Source material

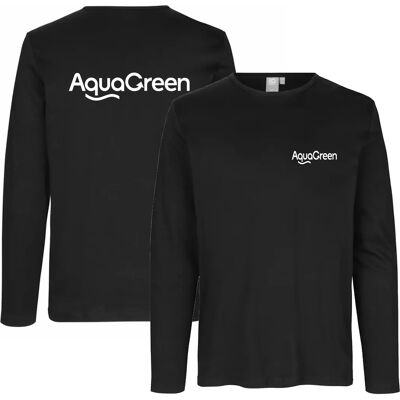 ID Identity Id Langærmet T-Shirts I Sort ( Incl. Lille Hvid Aquagreen Logo På V/bryst Og Stort Hvid Logo På Ryg )-Sort-3xl ID Identity Id Langærmet T-Shirts I Sort ( Incl. Lille Hvid Aquagreen Logo På V/bryst Og Stort Hvid Logo På Ryg )-Sort-3xl
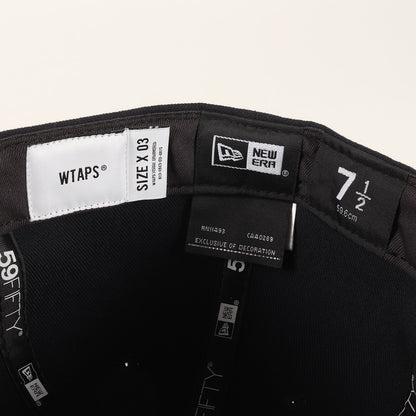 22AW ×NEW ERA WTロゴ刺繍 ベースボールキャップ(59FIFTY LOW PROFILE / CAP / POLY. TWILL)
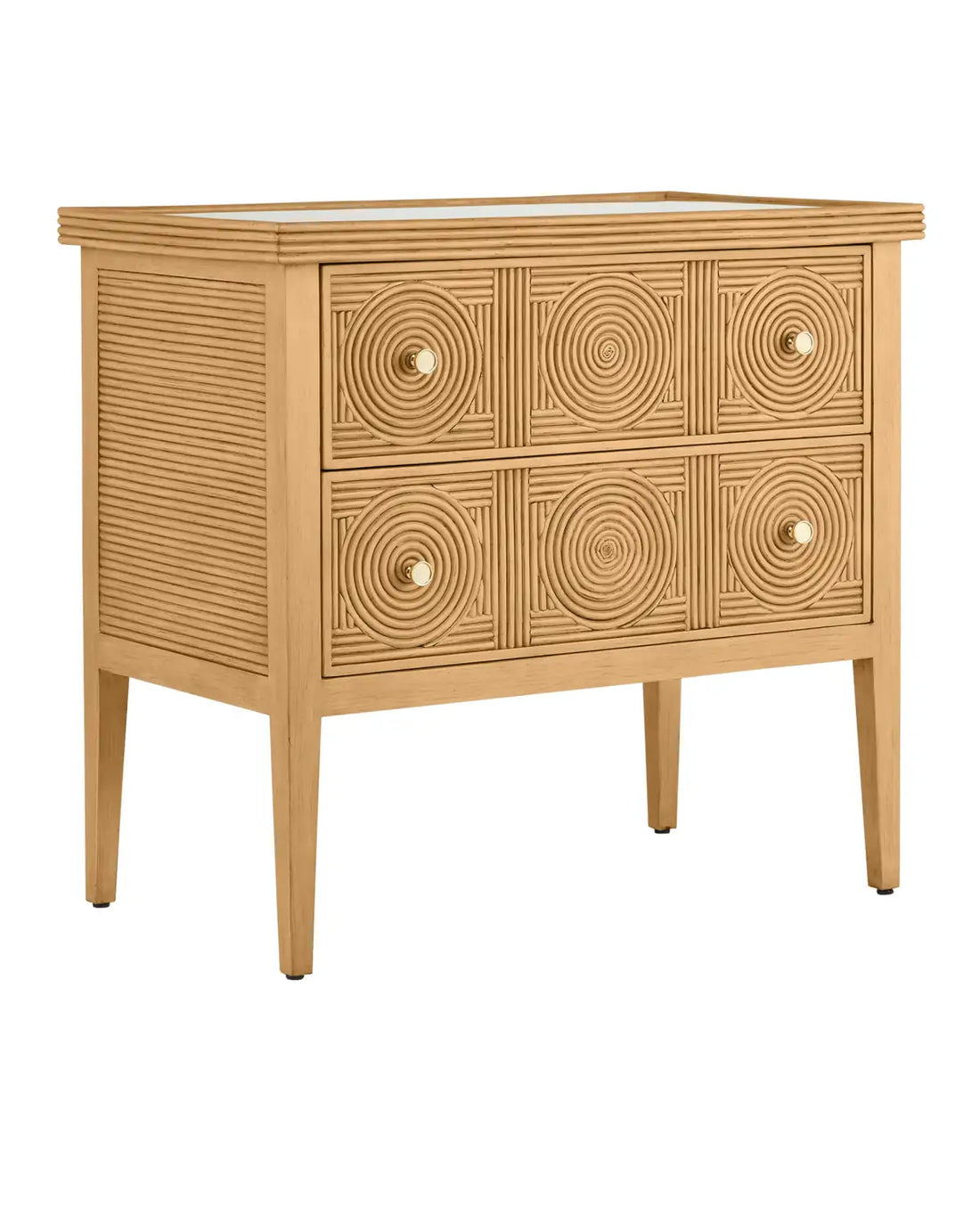 CURREY & COMPANY, SANTOS SEA SAND CHEST, NIGHTSTANDS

Exercise brief
Leave every image out when you return the material above word for word.

Exercise solution
 ID Identity Id Langærmet T-Shirts I Sort ( Incl. Lille Hvid Aquagreen Logo På V/bryst Og Stort Hvid Logo På Ryg )-Sort-3xl ID Identity Id Langærmet T-Shirts I Sort ( Incl. Lille Hvid Aquagreen Logo På V/bryst Og Stort Hvid Logo På Ryg )-Sort-3xl
 22AW ×NEW ERA WTロゴ刺繍 ベースボールキャップ(59FIFTY LOW PROFILE / CAP / POLY. TWILL)
 CURREY & COMPANY, SANTOS SEA SAND CHEST, NIGHTSTANDS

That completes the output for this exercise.